Memory in SDK	Holds running totals	Can forget after export
Prometheus wants	This one	Not this one
Delta-native backends want	—	This one (e.g. some cloud metric APIs)

Prometheus’ rate() computes the per-second increase of a counter by looking at the difference between samples and dividing by the time gap, correcting for resets (when the value drops, it assumes a process restart, not a negative rate). histogram_quantile() assumes the bucket counts are cumulative-since-start so it can compute the proportion of observations below a boundary. Feed it delta — where each scrape is just “what happened in this 15 s” — and the reset detection misfires on every export, the math goes nonsensical, and your p99 panel shows garbage that looks plausible enough to mislead. So for any Prometheus target, force cumulative on the SDK exporter:

# Prometheus is cumulative to its core. Never send it delta.
export OTEL_EXPORTER_OTLP_METRICS_TEMPORALITY_PREFERENCE=cumulative

The non-obvious part: even when you route through an OpenTelemetry Collector to Prometheus, the temporality is decided at the SDK, not the Collector — the Collector forwards what it receives. Both the Prometheus native OTLP receiver and the Collector prometheusremotewrite exporter want cumulative. Only set delta when your backend is a delta-native system that explicitly asks for it (some managed cloud metrics endpoints do), and then you are not talking to Prometheus.

Backend	Required temporality	Set on
Prometheus (OTLP receiver)	cumulative	SDK `OTEL_EXPORTER_OTLP_METRICS_TEMPORALITY_PREFERENCE`
Prometheus (remote-write via Collector)	cumulative	SDK (Collector forwards as-is)
Grafana Mimir / Thanos	cumulative	SDK
Delta-native cloud metrics API	delta	SDK (per that vendor’s guidance)

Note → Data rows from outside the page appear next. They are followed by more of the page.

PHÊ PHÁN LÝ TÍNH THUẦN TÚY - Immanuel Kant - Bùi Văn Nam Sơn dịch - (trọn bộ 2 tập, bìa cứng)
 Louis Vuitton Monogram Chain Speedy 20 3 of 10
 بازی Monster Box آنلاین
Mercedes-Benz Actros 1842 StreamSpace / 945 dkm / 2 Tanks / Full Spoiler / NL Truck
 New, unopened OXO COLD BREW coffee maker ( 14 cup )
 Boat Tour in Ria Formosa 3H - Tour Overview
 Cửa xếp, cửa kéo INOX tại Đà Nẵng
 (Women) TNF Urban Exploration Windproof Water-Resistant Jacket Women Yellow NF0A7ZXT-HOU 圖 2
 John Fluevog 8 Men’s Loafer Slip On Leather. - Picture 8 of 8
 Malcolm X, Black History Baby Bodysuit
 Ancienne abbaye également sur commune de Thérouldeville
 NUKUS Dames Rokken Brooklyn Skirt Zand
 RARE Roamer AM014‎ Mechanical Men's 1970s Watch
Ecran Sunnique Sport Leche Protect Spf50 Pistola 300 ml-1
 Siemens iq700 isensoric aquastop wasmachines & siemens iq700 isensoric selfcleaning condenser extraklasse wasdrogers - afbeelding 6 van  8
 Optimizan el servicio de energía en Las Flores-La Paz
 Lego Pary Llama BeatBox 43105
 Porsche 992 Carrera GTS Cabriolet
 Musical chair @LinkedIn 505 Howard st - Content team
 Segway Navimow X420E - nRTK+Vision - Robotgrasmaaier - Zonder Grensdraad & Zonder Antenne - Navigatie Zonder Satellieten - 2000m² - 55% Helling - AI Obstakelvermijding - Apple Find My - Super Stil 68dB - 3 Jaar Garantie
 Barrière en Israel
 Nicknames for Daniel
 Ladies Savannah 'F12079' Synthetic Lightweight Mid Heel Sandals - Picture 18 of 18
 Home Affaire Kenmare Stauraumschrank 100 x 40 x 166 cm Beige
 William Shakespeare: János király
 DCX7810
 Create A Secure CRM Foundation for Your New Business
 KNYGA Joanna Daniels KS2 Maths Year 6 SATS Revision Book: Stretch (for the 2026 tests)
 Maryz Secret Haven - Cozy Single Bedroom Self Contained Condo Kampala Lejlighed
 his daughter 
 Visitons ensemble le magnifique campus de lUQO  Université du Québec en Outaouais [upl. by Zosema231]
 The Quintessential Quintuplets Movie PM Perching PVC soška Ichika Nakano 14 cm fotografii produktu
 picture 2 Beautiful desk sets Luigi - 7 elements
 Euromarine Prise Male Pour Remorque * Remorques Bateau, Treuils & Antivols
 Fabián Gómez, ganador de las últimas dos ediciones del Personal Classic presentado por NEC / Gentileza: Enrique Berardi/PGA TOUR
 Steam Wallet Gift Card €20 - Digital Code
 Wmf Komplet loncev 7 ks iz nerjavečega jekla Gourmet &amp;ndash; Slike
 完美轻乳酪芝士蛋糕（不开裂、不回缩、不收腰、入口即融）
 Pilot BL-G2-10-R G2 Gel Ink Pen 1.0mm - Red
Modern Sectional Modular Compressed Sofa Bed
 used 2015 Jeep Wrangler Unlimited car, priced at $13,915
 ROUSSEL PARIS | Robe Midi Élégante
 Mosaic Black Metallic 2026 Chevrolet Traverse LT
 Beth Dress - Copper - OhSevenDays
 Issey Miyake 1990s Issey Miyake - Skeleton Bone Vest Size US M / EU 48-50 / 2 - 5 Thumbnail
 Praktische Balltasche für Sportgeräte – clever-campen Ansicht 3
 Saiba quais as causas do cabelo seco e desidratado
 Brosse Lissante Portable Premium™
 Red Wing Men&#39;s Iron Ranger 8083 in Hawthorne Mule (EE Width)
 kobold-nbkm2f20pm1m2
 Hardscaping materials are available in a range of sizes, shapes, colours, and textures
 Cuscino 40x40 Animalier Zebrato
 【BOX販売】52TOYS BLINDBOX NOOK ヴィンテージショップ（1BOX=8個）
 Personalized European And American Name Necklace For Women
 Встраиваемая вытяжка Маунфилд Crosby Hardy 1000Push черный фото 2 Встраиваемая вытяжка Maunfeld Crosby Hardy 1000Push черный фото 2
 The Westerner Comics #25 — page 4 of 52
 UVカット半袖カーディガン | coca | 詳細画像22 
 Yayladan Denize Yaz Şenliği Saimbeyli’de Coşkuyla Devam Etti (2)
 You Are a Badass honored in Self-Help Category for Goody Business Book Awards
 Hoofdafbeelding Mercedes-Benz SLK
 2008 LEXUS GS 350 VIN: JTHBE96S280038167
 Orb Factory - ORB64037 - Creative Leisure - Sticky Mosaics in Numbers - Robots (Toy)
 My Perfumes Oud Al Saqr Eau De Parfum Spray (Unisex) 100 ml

Turn on exemplar collection in the SDK

Two valves must both be open for an exemplar to exist: the exemplar filter must admit the measurement, and a sampled span must be active when you record. Set the filter explicitly so it survives SDK default changes:

# Only attach exemplars when a sampled span is in context.
export OTEL_METRICS_EXEMPLAR_FILTER=trace_based

The three filter values, and when each is right:

Filter value	Behaviour	When to use	Cost
`trace_based`	Candidate only if recorded in a sampled span	Production default — exemplars always point at a real trace	Minimal; bounded by sampling rate
`always_on`	Every measurement is a candidate	Debugging without tracing; you want some example even without a trace	Higher; most exemplars have no `trace_id`
`always_off`	No exemplars ever	When you have no trace store and never pivot	None

Stick with trace_based. The SDK then does the rest automatically: when record() runs and a sampled span is current, it captures the value, the timestamp, the attributes filtered to the instrument’s view, and the active trace_id/span_id. You never stamp trace IDs by hand. Your only obligation is to make a span active at record time. With auto-instrumentation (an HTTP/gRPC server span wrapping the handler), that is already the case. Here is an explicit Python example so the linkage is unambiguous — the record() sits inside the span:

from opentelemetry import metrics, trace
from opentelemetry.sdk.metrics import MeterProvider
from opentelemetry.sdk.metrics.export import PeriodicExportingMetricReader
from opentelemetry.exporter.otlp.proto.grpc.metric_exporter import OTLPMetricExporter

reader = PeriodicExportingMetricReader(
    OTLPMetricExporter(endpoint="http://otel-collector:4317", insecure=True),
    export_interval_millis=15000,
)
metrics.set_meter_provider(MeterProvider(metric_readers=[reader]))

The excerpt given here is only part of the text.